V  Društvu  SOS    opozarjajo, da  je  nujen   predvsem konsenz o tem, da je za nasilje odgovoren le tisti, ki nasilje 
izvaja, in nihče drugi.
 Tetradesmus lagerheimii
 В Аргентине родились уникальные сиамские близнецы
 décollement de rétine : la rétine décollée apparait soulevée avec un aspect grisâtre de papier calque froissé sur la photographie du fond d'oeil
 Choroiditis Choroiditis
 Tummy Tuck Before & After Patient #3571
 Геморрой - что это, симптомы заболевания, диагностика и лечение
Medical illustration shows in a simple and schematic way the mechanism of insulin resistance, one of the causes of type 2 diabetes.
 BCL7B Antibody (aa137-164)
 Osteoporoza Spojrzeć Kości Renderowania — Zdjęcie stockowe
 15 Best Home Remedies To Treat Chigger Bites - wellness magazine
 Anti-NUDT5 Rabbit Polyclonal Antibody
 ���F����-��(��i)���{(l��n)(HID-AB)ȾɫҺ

_____

> Work item
Word for word, copy out the records.

> Response box
V  Društvu  SOS    opozarjajo, da  je  nujen   predvsem konsenz o tem, da je za nasilje odgovoren le tisti, ki nasilje 
izvaja, in nihče drugi.
 Tetradesmus lagerheimii
 В Аргентине родились уникальные сиамские близнецы
 décollement de rétine : la rétine décollée apparait soulevée avec un aspect grisâtre de papier calque froissé sur la photographie du fond d'oeil
 Choroiditis Choroiditis
 Tummy Tuck Before & After Patient #3571
 Геморрой - что это, симптомы заболевания, диагностика и лечение
Medical illustration shows in a simple and schematic way the mechanism of insulin resistance, one of the causes of type 2 diabetes.
 BCL7B Antibody (aa137-164)
 Osteoporoza Spojrzeć Kości Renderowania — Zdjęcie stockowe
 15 Best Home Remedies To Treat Chigger Bites - wellness magazine
 Anti-NUDT5 Rabbit Polyclonal Antibody
 ���F����-��(��i)���{(l��n)(HID-AB)ȾɫҺ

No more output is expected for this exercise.